Il subit plus qu’il n’anticipe. Il se prive, du coup, des bénéfices de l’initiative. Et donne à penser qu’il cède à chaque fois sous la pression et l’agitation de la rue. Chaque concession, fût-elle justifiée et méritée, équivaut à un prochain appel d’air, qui place le gouvernement dans un perpétuel état d’équilibre instable. Quoi qu’il concède et accorde, les régions, les secteurs et les groupes d’individus concernés ne lui seront pas d’une infinie reconnaissance.
Il n’empêche ! Ce geste, fût-il tardif, d’apaisement, de réparation d’un préjudice moral et financier est infiniment plus sage que de ne rien concéder sous la pression au regard des contraintes financières du pays. Mieux vaut tard que jamais. Qu’il se ravise ainsi c’est aussi une forme d’écoute qui ne diminue en rien l’autorité du gouvernement. On peut même y voir la démonstration d’un acte courageux qui lui vaut l’approbation de la communauté nationale.
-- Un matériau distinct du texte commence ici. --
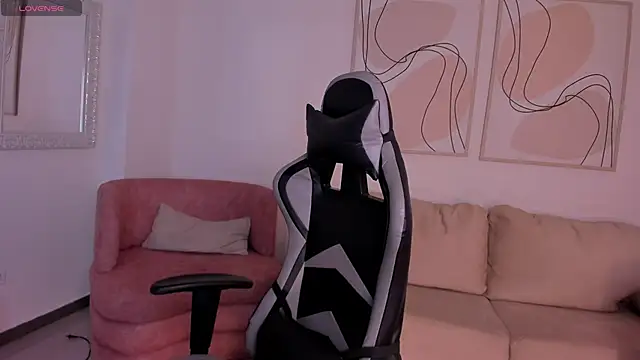 Snapshot of EllaClark chatting on 10/20/25, 03:56 EllaClark online show from 10/20/25, 03:56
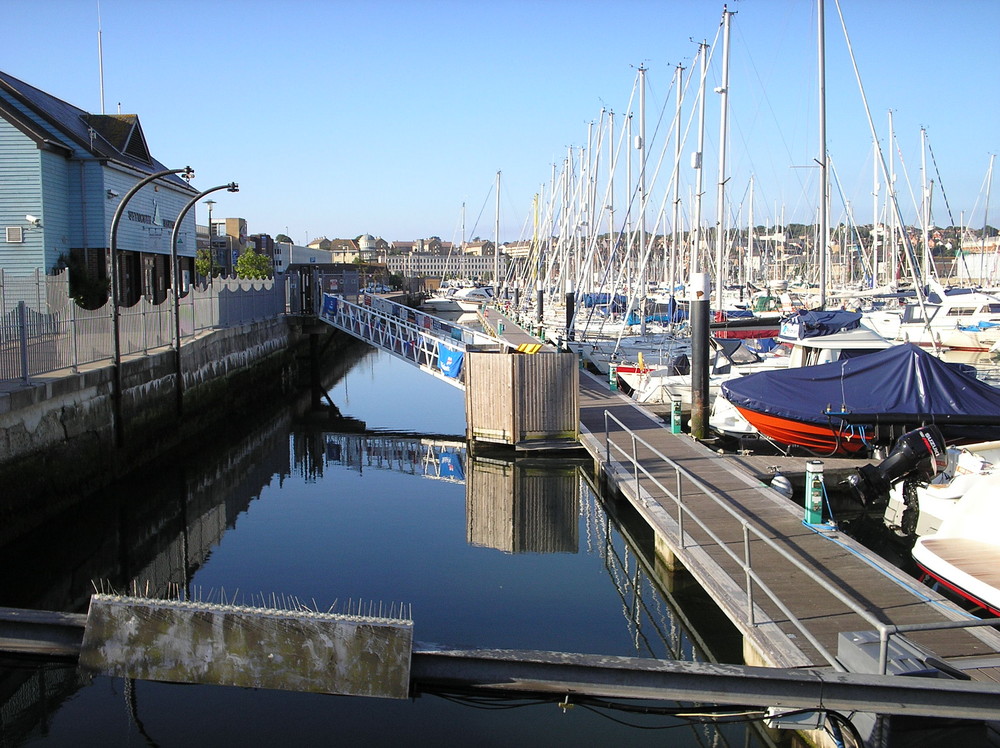 weymouth harbour early hours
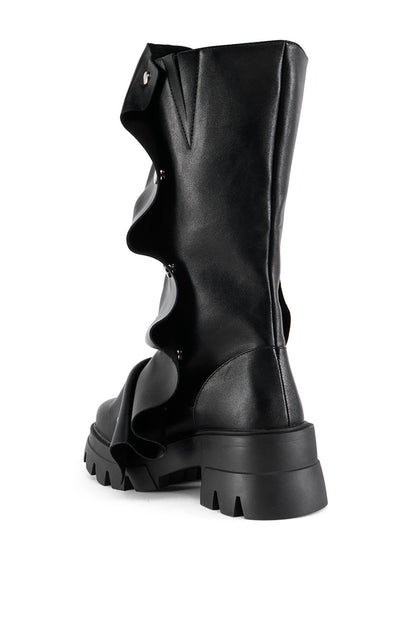 Button-detailed Pleated Flat Boots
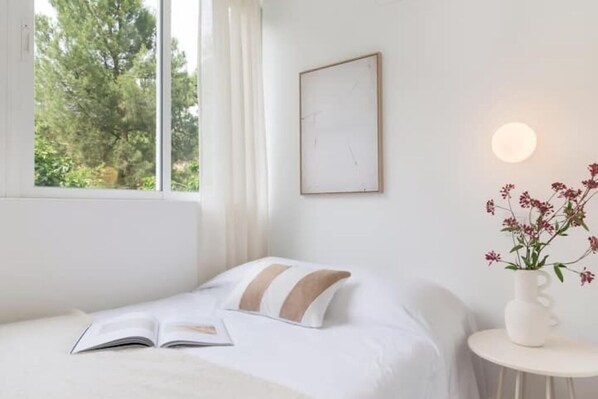 1 bedroom, internet, bed sheets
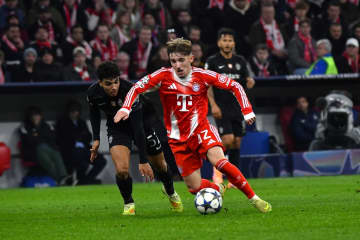 ギムナジウムに通うレナート・カールがバイエルンのCL最年少ゴール。17歳の新星、文武両道を体現【ドイツ発コラム│FC BayernとMunichに恋して】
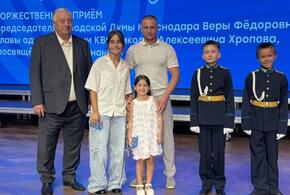 100 детей получили подарочные сертификаты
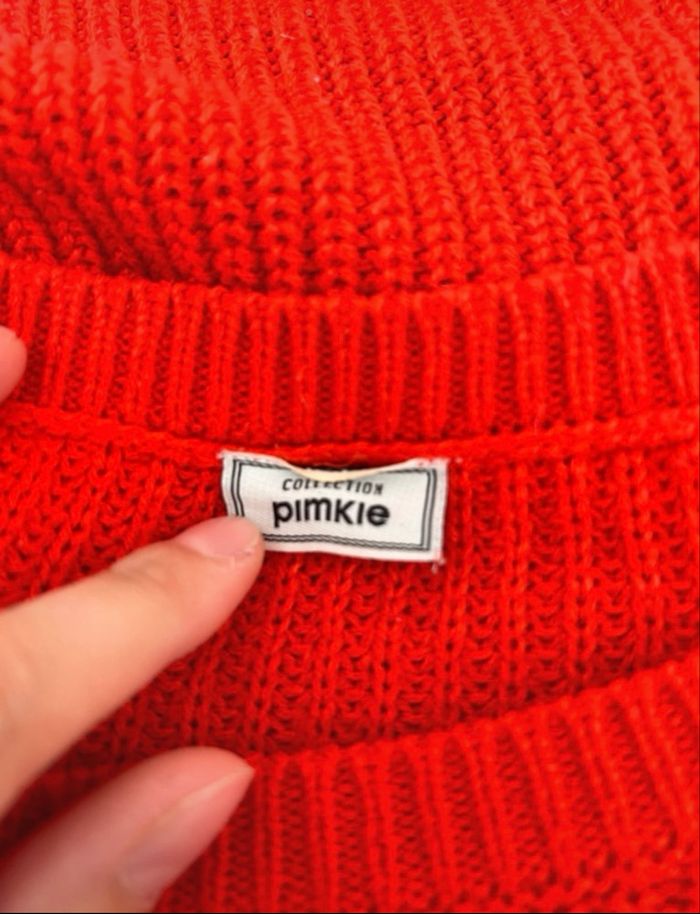 Pull rouge - photo numéro 3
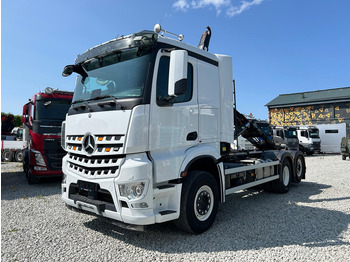 Kotalni prekucni tovornjak MERCEDES-BENZ Arocs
On se réjouit aujourd’hui du retour à la normale. Les salariés et retraités ont beaucoup souffert dans leur bourse, pour continuer à vivre avec ce sentiment de peur qui nous envahit à chaque irruption de foyer de sédition. Les services de sécurité et la présence de l’armée ont fait l’essentiel. On peut saluer cette victoire qui a, tout de même, un goût de cendre, une victoire en quelque sorte à la Pyrrhus. Ce genre d’affrontement n’aurait jamais dû exister. Cette victoire aurait été totale, sans jamais livrer bataille. Il aurait fallu pour cela que les autorités prêtent plus d’attention au malaise des gens, au désarroi des sans-logis, aux mises en garde des experts et des corps constitués et aux signaux de détresse, qui montaient des régions éloignées de la capitale et proches des frontières.
Les bonnes intentions ne peuvent tenir lieu de politique et ne sauraient suffire. Le courage politique n’est pas toujours ce que l’on croit qu’il est. La détermination des politiques, cette vertu cardinale, ne doit pas manquer d’humilité et de discernement. Pour ne pas conduire à une vaine et inutile obstination, aux conséquences improbables.